第二次大戦で護衛空母が果たした役割は海軍の表看板である戦艦や巡洋艦の活躍の上を行くものであったと言っても言い過ぎではなかろう。第二次大戦中の護衛空母の存在意義にあらためて視点を当て、さらなる論議を重ねることもまた興味のもたれるところである。

 いや、日本でここまで言い切る人がいるとは思ってもいなかった。

 いやね。

 おいらは言い切るぞ。

 エセックス級よりカサブランカ級。

 たまに出てきて引っかき回すだけの戦艦なんてゴミ同然。(なに? 大和はトラック島でエアコン完備のホテルとして使える?)

 でも、自分の他にここまで言い切る人がいるとは思ってもいなかったぞ。主力艦の上って言い切ってるよ。

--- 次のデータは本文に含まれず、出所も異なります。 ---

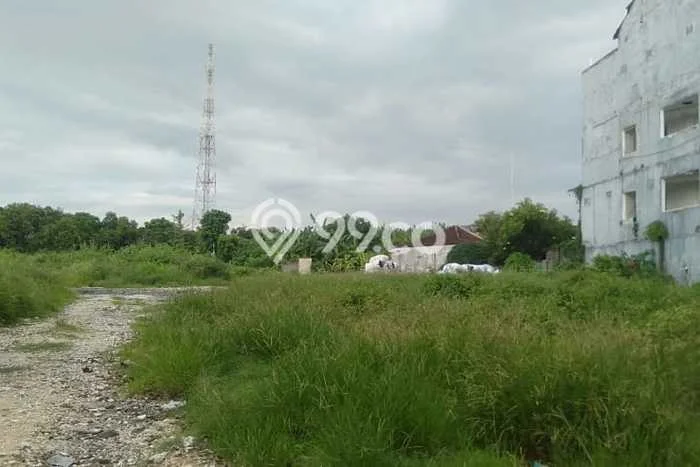 Tanah Disewa Strategis di Badung Luas 5500m2 Tanah Disewa Strategis di Badung Luas 5500m2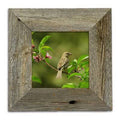 Matte Wood Frame Set Weathered Gray 12x22 x 16x22 N3168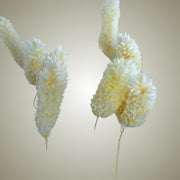 Phalaris in Vase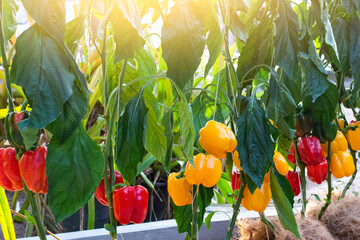 Wall Mural - Closeup fresh organic raw and ripe ( green, orange, yellow ) bell peppers with green leaf on the tree in the garden.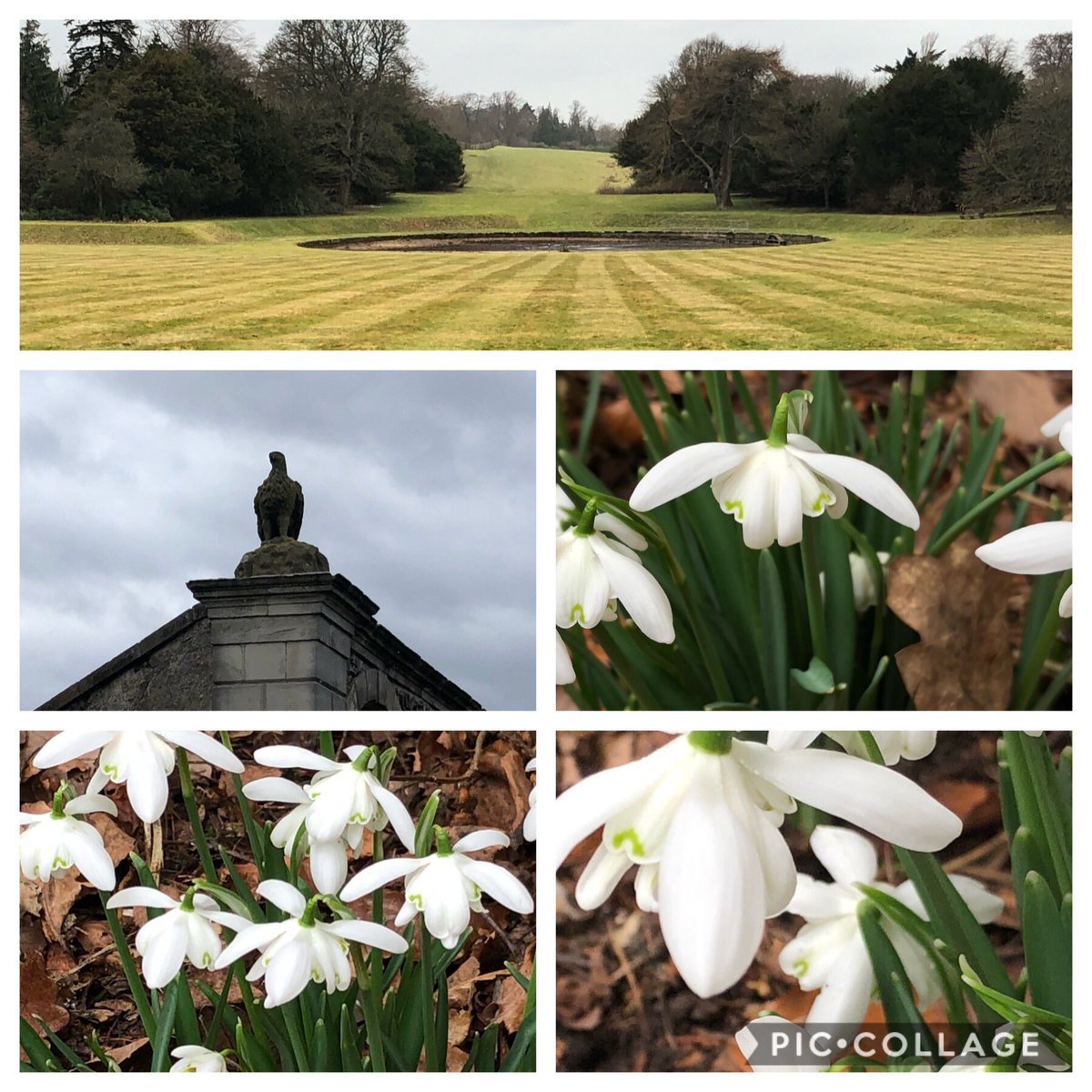 de96's tweet image. Sunday snowdrop trail #snowdropfestival #sundaywalks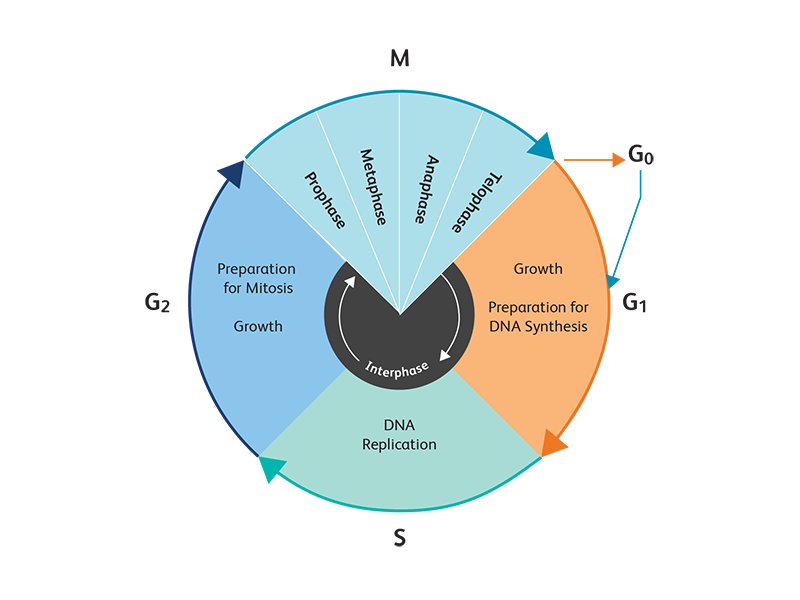 Chart showing stages of interphase changes for the cell cycle.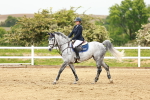 SBM_001182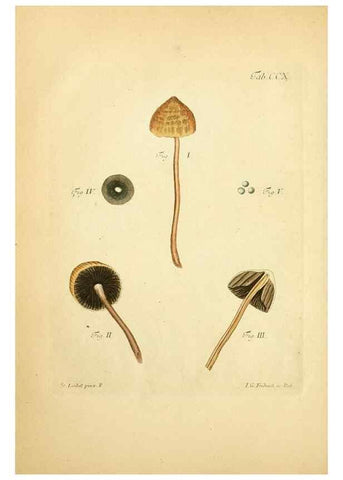 Reproducción/Reproduction 10314518976: Fungorum qui in Bavaria et Palatinatu circa Ratisbonam nascuntur icones, nativis coloribus expressae.. Erlangae,Apud J.J. Palmium,1800.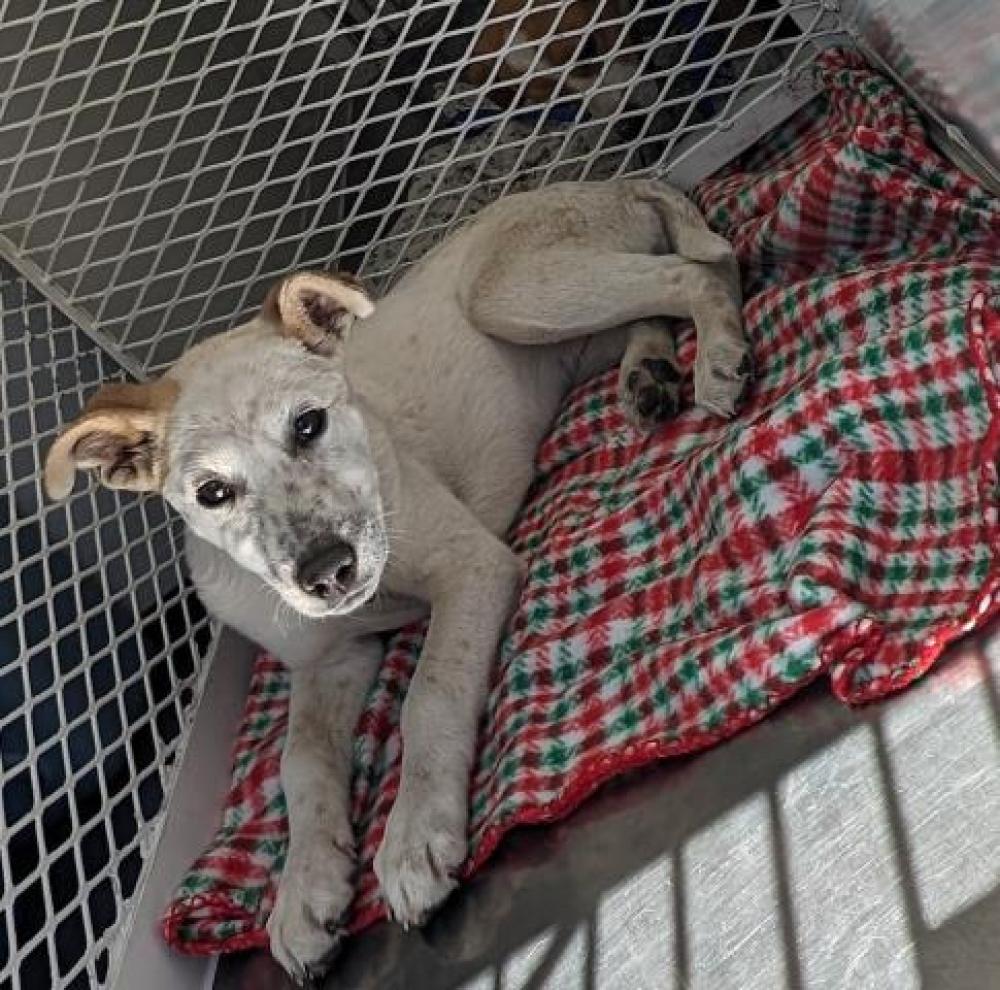 Shelter Stray Female Dog last seen Near BLOCK KERN CANYON RD, BAKERSFIELD CA 93306, Bakersfield, CA 93308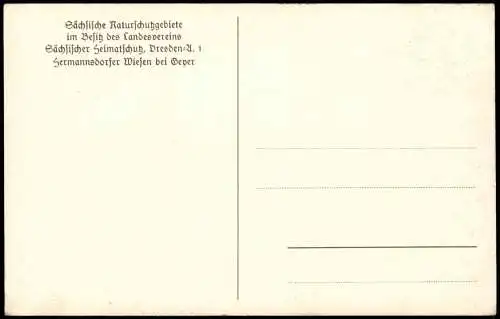 Ansichtskarte Geyer Umland-Ansicht Hermannsdorfer Wiesen bei Geyer 1920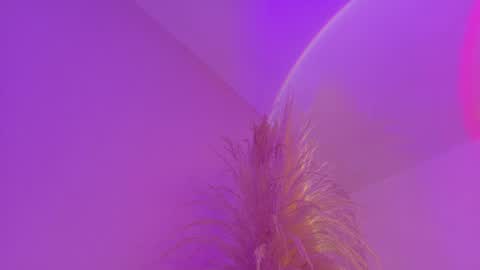 Snapshot of liiamluna chatting on April 2026 11:03:02 AM Liiam Luna online show from April 2026 11:03:02 AM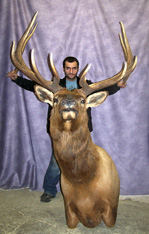 Huge Canadian  Elk Shoulder Mount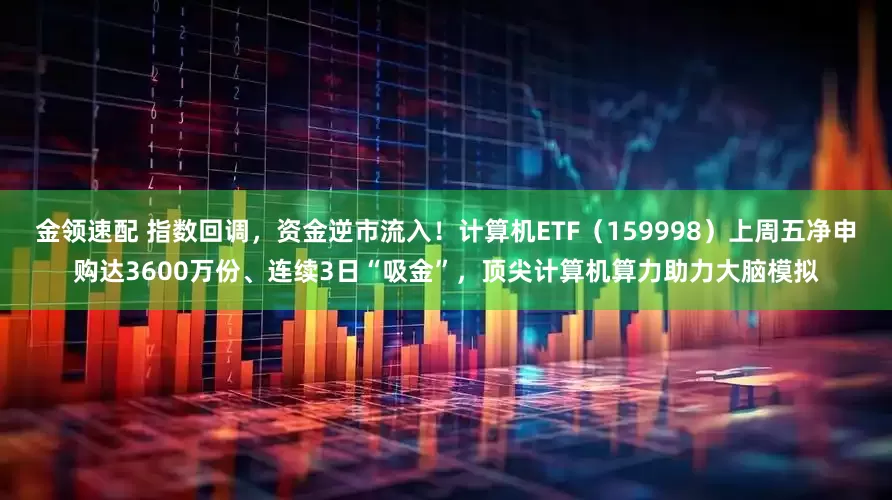 金领速配 指数回调，资金逆市流入！计算机ETF（159998）上周五净申购达3600万份、连续3日“吸金”，顶尖计算机算力助力大脑模拟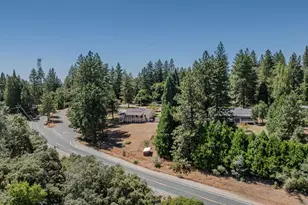 14206 Williams Rd, Pioneer, CA 95666 - Photo 90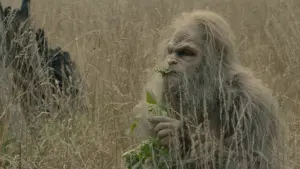 Backdrop to the movie "Sasquatch Sunset" #475933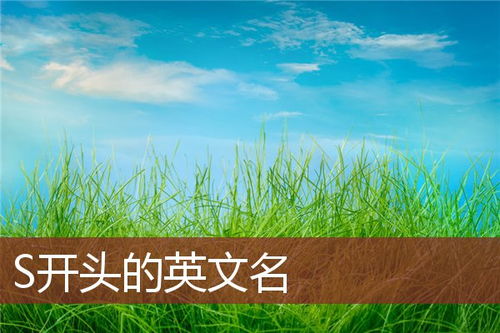 女生英文名字取什么好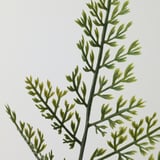 Close-up of artificial plant stem with intricate green leaves, showcasing lifelike and durable design.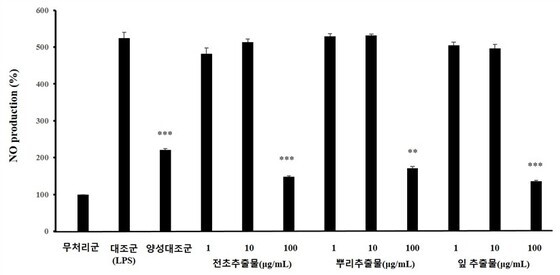 콩제비꽃 추출물, 세포실험서 염증반응 억제…낙동강생물자원관 특허 출원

 だから、こういう本が出ていても、まるで気付かなかったとも言えます。なにせ、書籍に情報を求めようとはまるで思わなかったから。

なぜ今頃 §

 実は時々、3Cとか2TLとかいう言葉が特に第二次世界大戦がらみの本に出てくるのですが、意味が分からなかったのです。そこで、戦時標準船入門という本が出ていることをたまたま知って(出たのは2010/6/30で古くはない)、興味を持ちました。というわけで、Amazonからオーダーしようと思って開いて見ると。『護衛空母入門』などという刺激的な本がAmazonからお勧めされて目を白黒。両方とも文庫本でさほど高くなかったし、著者は同じだし。しょうがないので、両方ともオーダーしましたとさ。護衛空母入門は読み終わって、戦時標準船入門を途中まで読んでいるところです。

ワイルドキャット賛歌 §

 当然のことではありますが、マートレットとかFMとか、そんな言葉が飛び交います。ワイルドキャットに肯定的な評価を下しているのも当然。昔の日本の書籍では考えられない評価です。

護衛空母の知識 §

 護衛空母の知識もかなり深くなりました。特に、戦後の護衛空母。なんと、輸送船に改造されて元の状態に戻ってしまった船も多いとは面白い。まさに、金を掛けずに勝つ秘策。でも、戦後のことはずっと盲点になっていて考えたこともありませんでした。他に思いも寄らない詳しい話が多くてためになりました。

護衛空母論 §

 いやー、やはり護衛空母っていいものですね。